PROBLEM DESCRIPTION -
Once you reach the line with "Iveco daily con sponda caricatrice", transcribe it and every line after it to the end of the records, exactly, but not the pictures.
═══
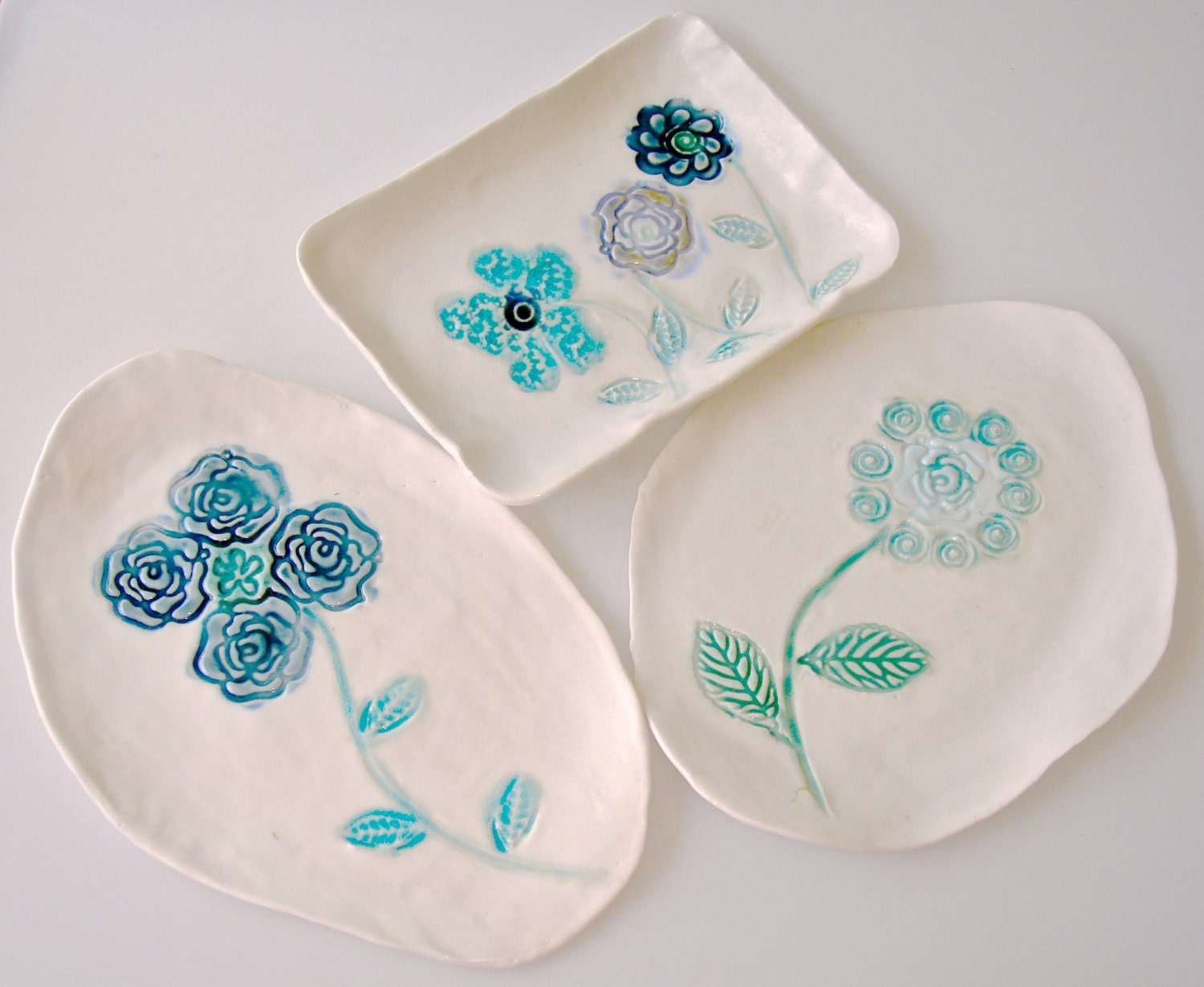 Ceramic Serving Plate, hand painted flower dish for snacks, tapas, appetizers, spoonrests, soap dish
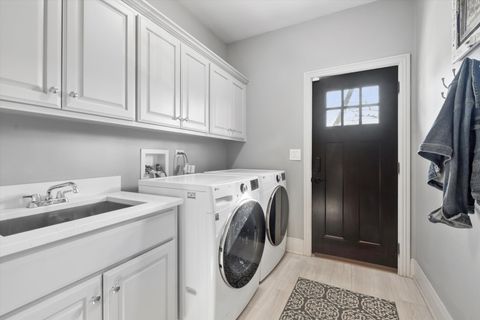 Tiny photo for 439 Hill Avenue, Glen Ellyn, IL 60137 (MLS # 12608939)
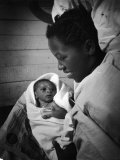 Nurse-Midwife Maude Callen Shows Smiling Alice Her Newborn Son Lámina fotográfica de primera calidad por W. Eugene Smith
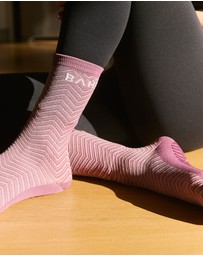 BAHE - Studio Grippy Crew Socks 2 Pack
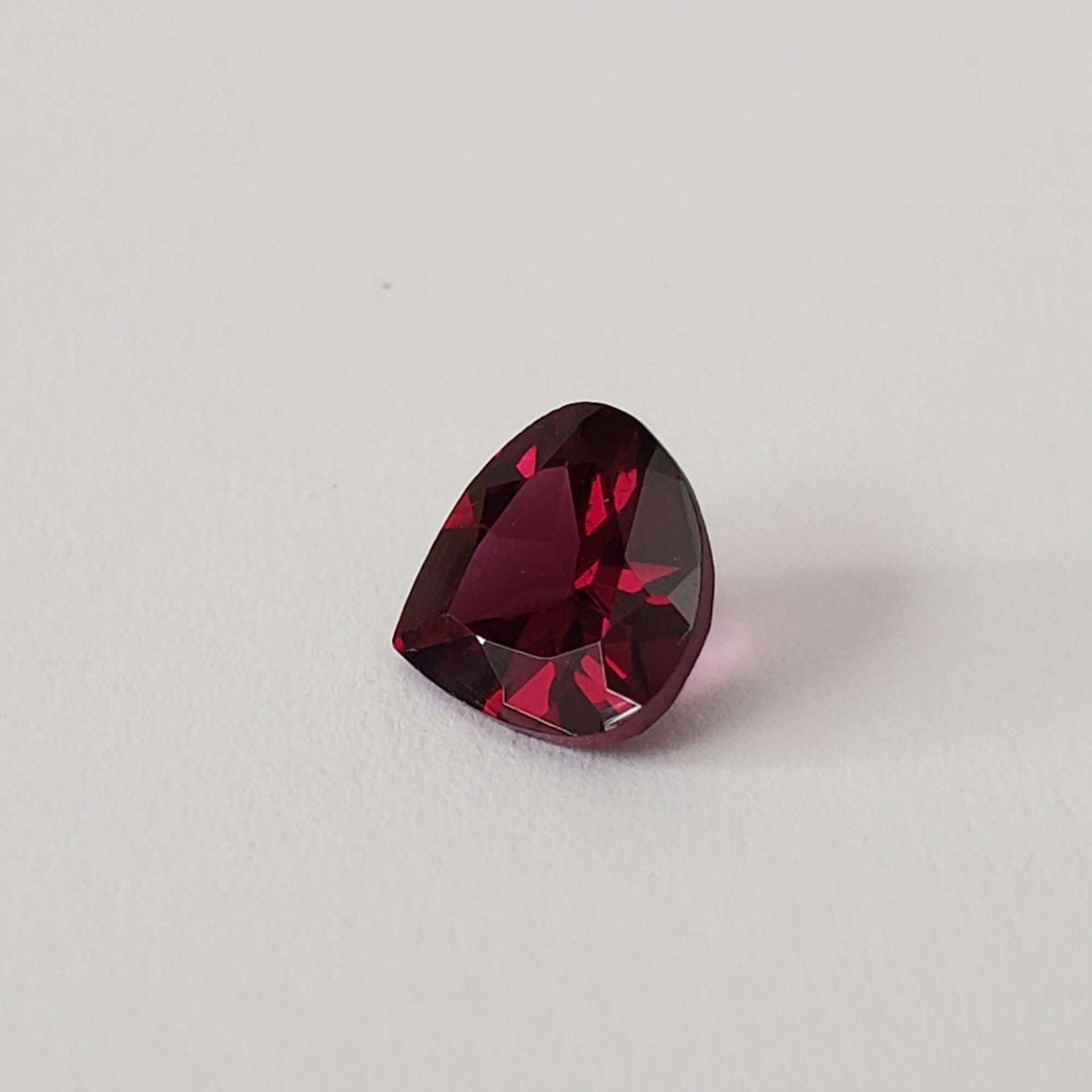  Rhodolite Garnet | Untreated Garnet | Pear Shape Cut | Reddish Purple | 7mm | SO24 5
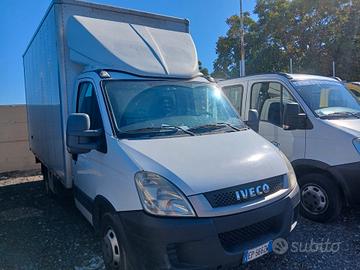 Iveco daily con sponda caricatrice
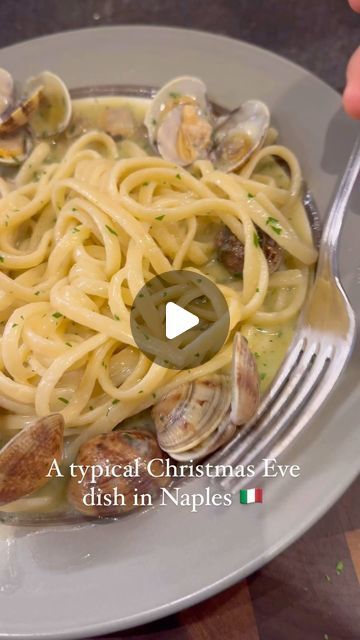 Julia Gulisano on Instagram: "On Christmas Eve dinner, almost every Neapolitan family prepares linguine with clams. How do you make an excellent dish? It should be creamy and full of flavor, not dry. Here’s how: 1) Add the clams to hot oil with unpeeled garlic cloves and parsley stems. 2) It’s important to use a lid. 3) Remove the clams as soon as they open!!! They should not cook for too long, or they will dry out. 4) Strain the clam water to be sure to remove any debris. 5) Cook the pasta in boiling hot water, but then continue cooking it in the clam water. It will absorb all the flavor this way. 6) Add water gradually, never letting it dry out too much. 7) Once the pasta is cooked, add the already cooked clams. 8) A bit of parsley, don’t forget it. 9) Drizzle a little more oil to creat Dinner Lunch Ideas, How To Cook Clams, Pasta With Clams, Linguine With Clams, Clam Pasta, Chicken Fettuccine, Christmas Eve Dinner, Alfredo Pasta, Spaghetti Pasta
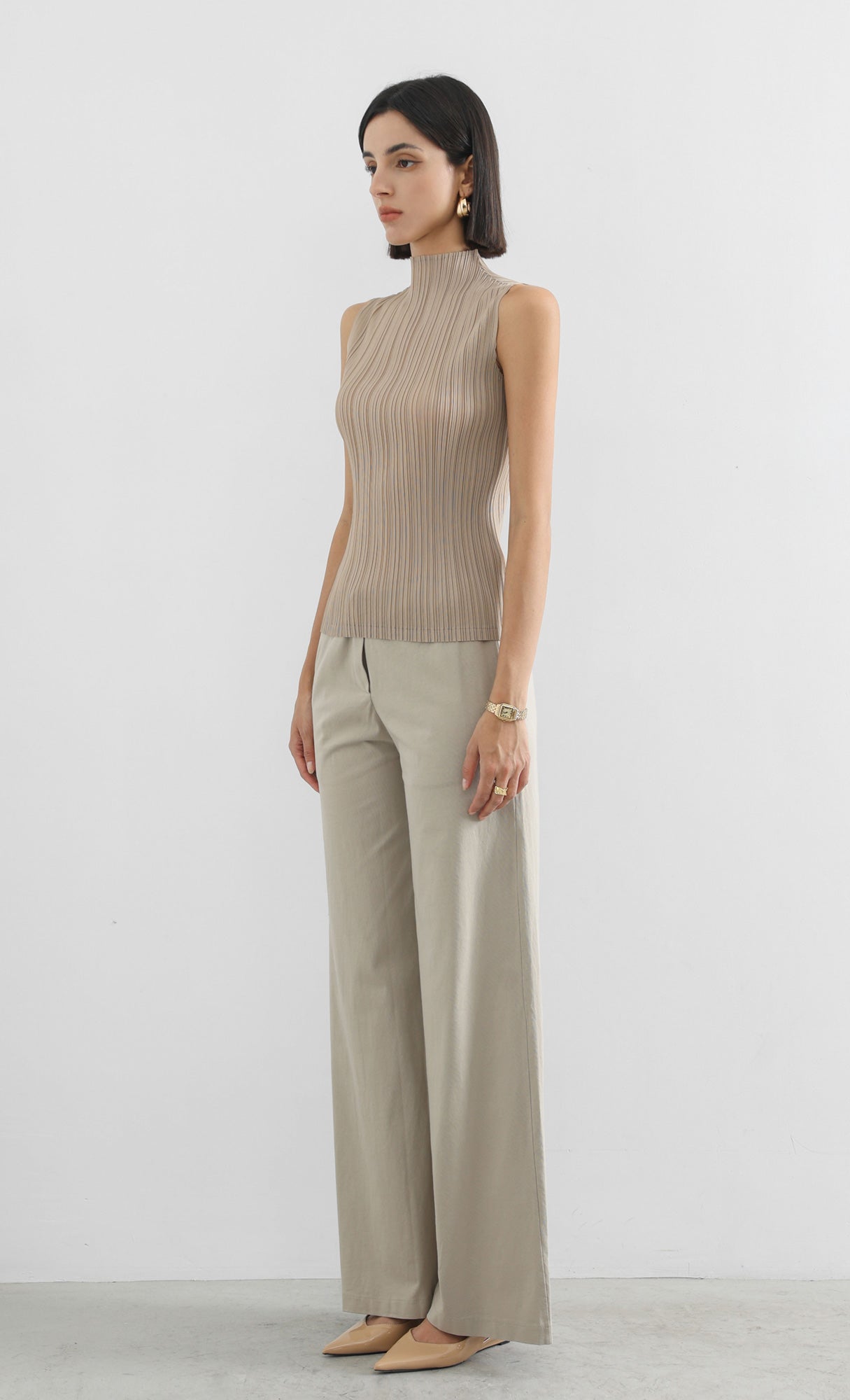 modi half-neck pleated top_beige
═══
SOLUTION TO THIS PROBLEM -
 Iveco daily con sponda caricatrice
 Julia Gulisano on Instagram: "On Christmas Eve dinner, almost every Neapolitan family prepares linguine with clams. How do you make an excellent dish? It should be creamy and full of flavor, not dry. Here’s how: 1) Add the clams to hot oil with unpeeled garlic cloves and parsley stems. 2) It’s important to use a lid. 3) Remove the clams as soon as they open!!! They should not cook for too long, or they will dry out. 4) Strain the clam water to be sure to remove any debris. 5) Cook the pasta in boiling hot water, but then continue cooking it in the clam water. It will absorb all the flavor this way. 6) Add water gradually, never letting it dry out too much. 7) Once the pasta is cooked, add the already cooked clams. 8) A bit of parsley, don’t forget it. 9) Drizzle a little more oil to creat Dinner Lunch Ideas, How To Cook Clams, Pasta With Clams, Linguine With Clams, Clam Pasta, Chicken Fettuccine, Christmas Eve Dinner, Alfredo Pasta, Spaghetti Pasta
 modi half-neck pleated top_beige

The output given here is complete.